▶ What to work on
Each entry that follows should be set down precisely, with its pictures removed.

▶ Data for analysis

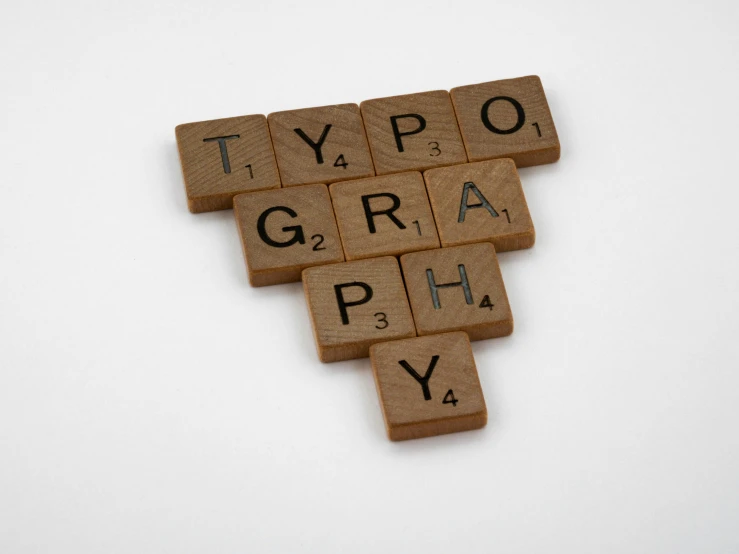 a close up of scrabbles on a white surface, a picture, international typographic style, brand mark, tyftt, phograph, thumbnail
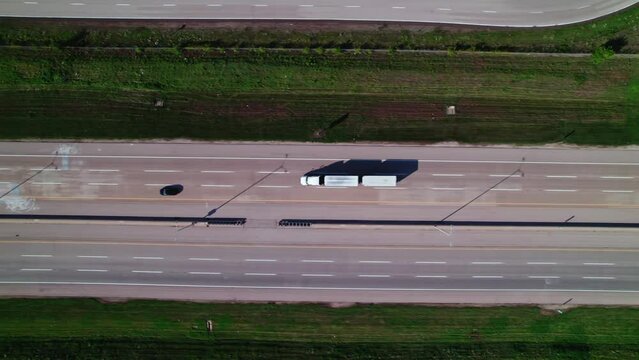 top down aerial of multi trailer truck driving on Interstate 90. Extra-long trucks also called double tow semi trucks. Longer combination vehicles, b train doubles. USA logistics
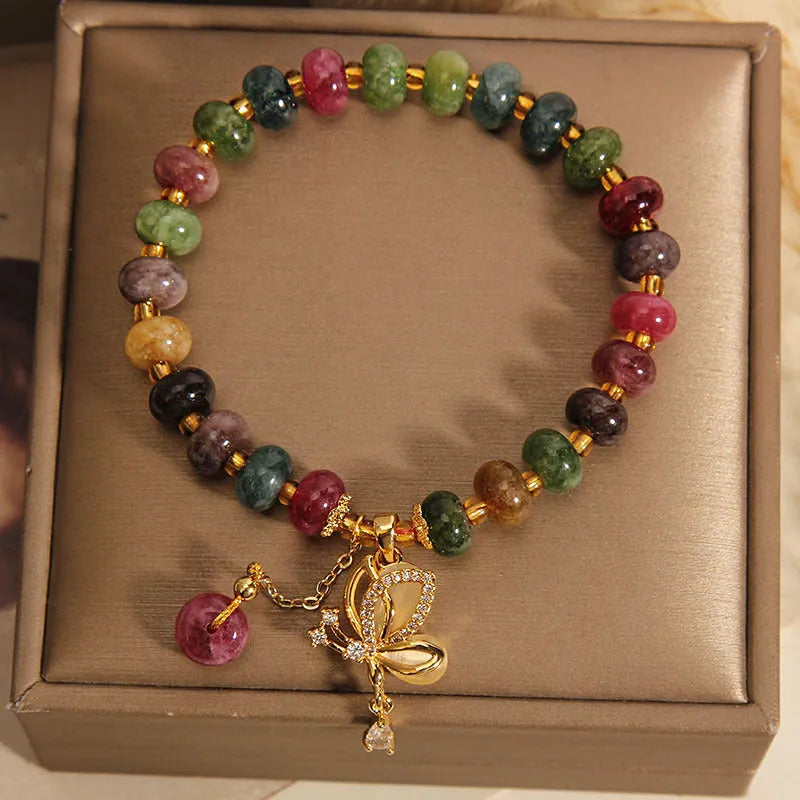 Colourful women's alloy bracelet with multicoloured beads and a butterfly charm on a wrist.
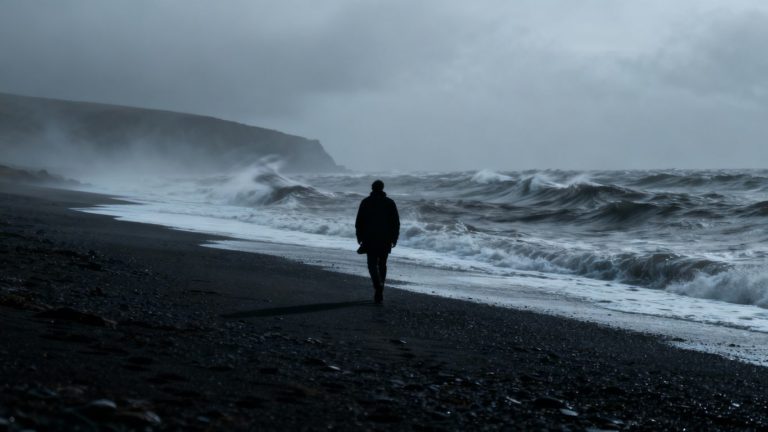 Woman walking alone on a desolate beach.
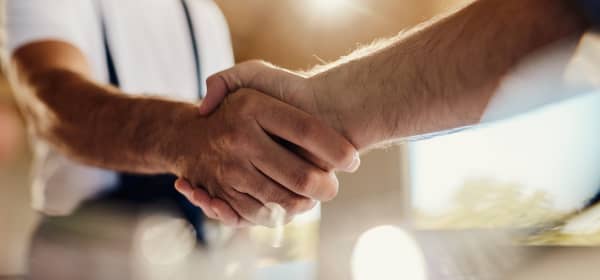 Nahaufnahme zweier Männer, die sich die Hand geben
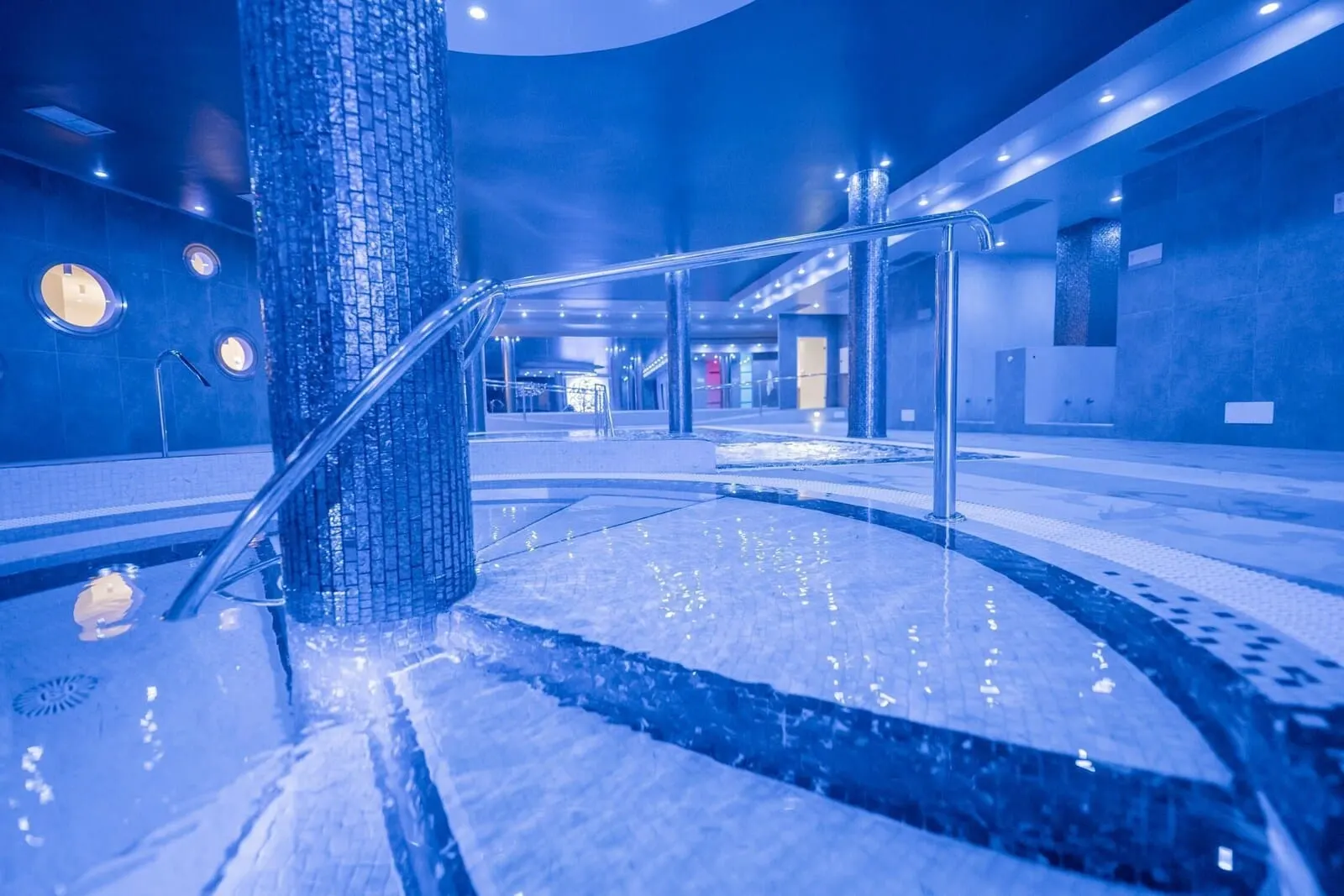 Atlantic Mirage Suites & Spa: A modern indoor pool area with a tiled floor, a central column, and a metal handrail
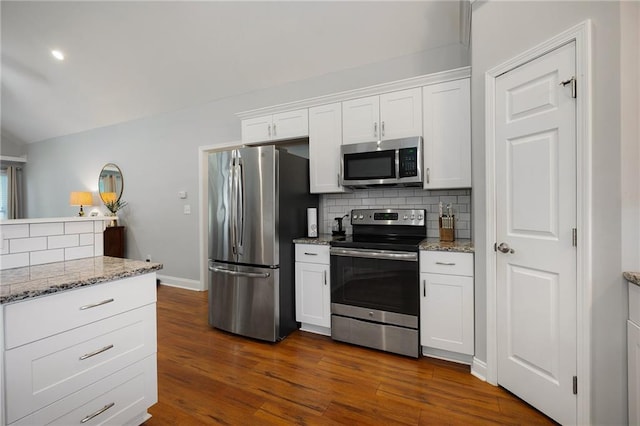 kitchen featuring white cabinets, light stone countertops, tasteful backsplash, and stainless steel appliances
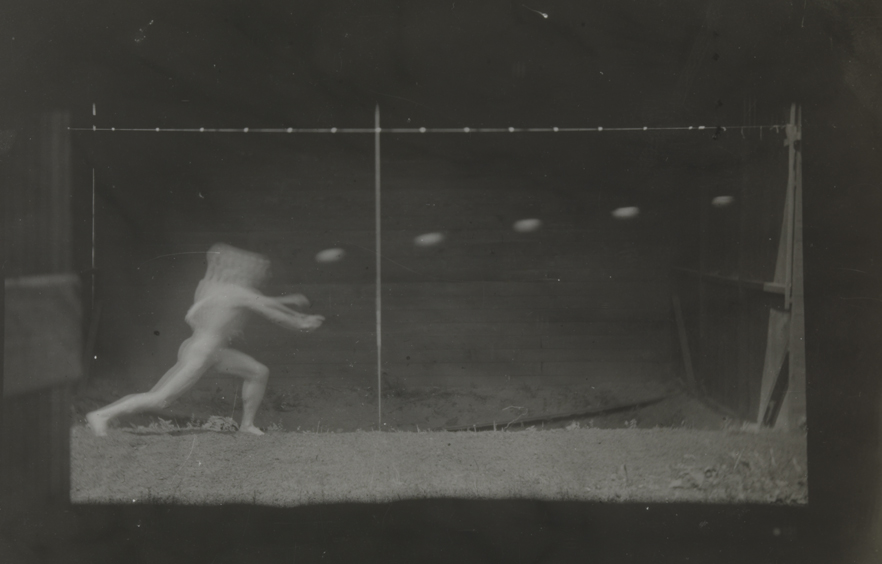 Motion study: male nude, throwing a flat object to right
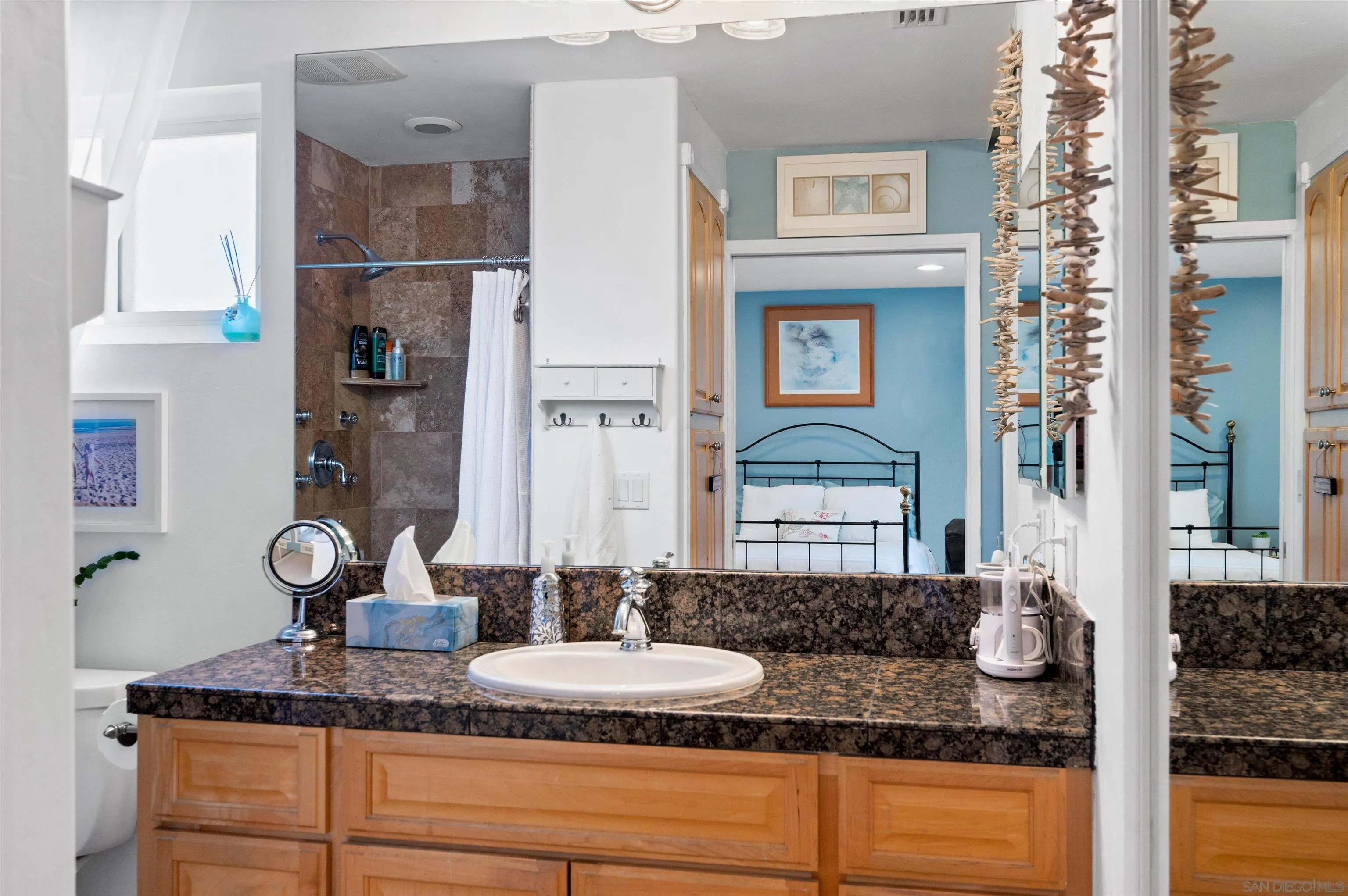 2537 Buena Rosa Fallbrook, CA 92028 - Photo 16 of 20 a bathroom with granite countertop a sink and a mirror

▶ Output
 a close up of scrabbles on a white surface, a picture, international typographic style, brand mark, tyftt, phograph, thumbnail
 top down aerial of multi trailer truck driving on Interstate 90. Extra-long trucks also called double tow semi trucks. Longer combination vehicles, b train doubles. USA logistics
 Colourful women's alloy bracelet with multicoloured beads and a butterfly charm on a wrist.
 Woman walking alone on a desolate beach.
 Nahaufnahme zweier Männer, die sich die Hand geben
 Atlantic Mirage Suites & Spa: A modern indoor pool area with a tiled floor, a central column, and a metal handrail
 kitchen featuring white cabinets, light stone countertops, tasteful backsplash, and stainless steel appliances
 Motion study: male nude, throwing a flat object to right
 2537 Buena Rosa Fallbrook, CA 92028 - Photo 16 of 20 a bathroom with granite countertop a sink and a mirror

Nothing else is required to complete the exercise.